Sometimes healthcare organizations face significant conflicts between their internal and external stakeholders. The problems require strategies that leave the parties involved happy and maintain a positive relationship between them (Rahim). They may disagree on factors such as the contents of requirements or the appropriate solution to specific challenges. Whatever the reason may be, the organization is always in a state of instability that requires immediate and proper action for the issue at hand. The best way to leave the parties involved happy is by using “soft skills” of conflict resolution, such as diplomacy and negotiation (Rahim). Such approaches call for goo listening skills because each party believes they have a valid opinion.

One of the most appropriate strategies when solving conflicts between stakeholders is by just keeping quiet. Stakeholders in a dispute may sometimes feel like convincing the management that they are right at least to some extent (Mori and Mersland). That factor requires one to listen carefully and show the stakeholders that one has understood every point they try to put across. One can show them that they “get it” by reflecting what the stakeholder says back to them. A stakeholder who understands that you have been listening to what they were saying becomes calmer and more willing to participate in the conflict resolution process. The person leading the conflict resolution process should then provide a forum for resolution (Rahim). They can call for a meeting and allow every person involved to air their grievances in a respectful manner. The organization representative should act as a facilitator and make sure that everyone gets a chance to articulate their issues. They should ensure that the discussion is as productive as possible and that every idea is directed toward a resolution. For every point made, the facilitator should look for ways to achieve a win-win situation. That is looking for solutions that provide at least some percentage of what each stakeholder is looking for (Rahim). Even though it is difficult to achieve at a solution that satisfies everyone, the facilitator should try the best they can to meet the needs of as many stakeholders as possible. The facilitator can advocate for solutions, but they should not choose sides. One can air their ideas then inform the stakeholders that they still hold power to make the final decision regarding the issue. If the problem persists, the facilitator should seek help from people who are more skilled in conflict resolution.

 

 

References

Andriof, J., & Waddock, S. (2017). Unfolding stakeholder engagement. In Unfolding stakeholder thinking (pp. 19-42). Routledge.
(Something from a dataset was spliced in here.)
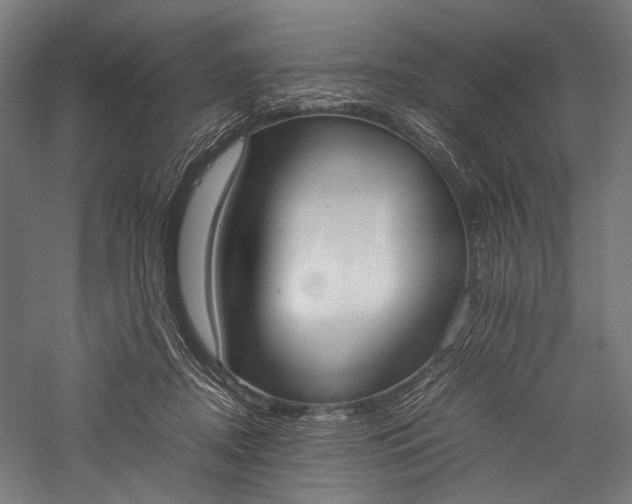 X0000057040362200509231453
Bourne, L. (2016). Stakeholder relationship management: a maturity model for organizational implementation. Routledge.

Bridoux, F., & Stoelhorst, J. W. (2014). Microfoundations for stakeholder theory: Managing stakeholders with heterogeneous motives. Strategic management journal35(1), 107-125.

Goetsch, D. L., & Davis, S. B. (2014). Quality management for organizational excellence. Upper Saddle River, NJ: Pearson.
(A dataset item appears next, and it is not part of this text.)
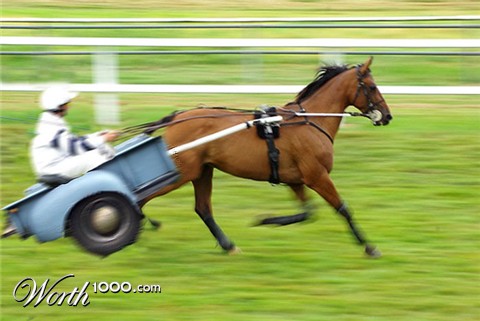 Photoshop Design by naranjas109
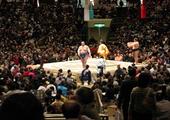 Sumo Wrestling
Korschun, D. (2015). Boundary-spanning employees and relationships with external stakeholders: A social identity approach. Academy of Management Review40(4), 611-629.

Mori, N., & Mersland, R. (2014). Boards in microfinance institutions: how do stakeholders matter?. Journal of Management & Governance18(1), 285-313.

Rahim, M. A. (2017). Managing conflict in organizations. Routledge.

Wagner Mainardes, E., Alves, H., & Raposo, M. (2011). Stakeholder theory: issues to resolve. Management decision49(2), 226-252.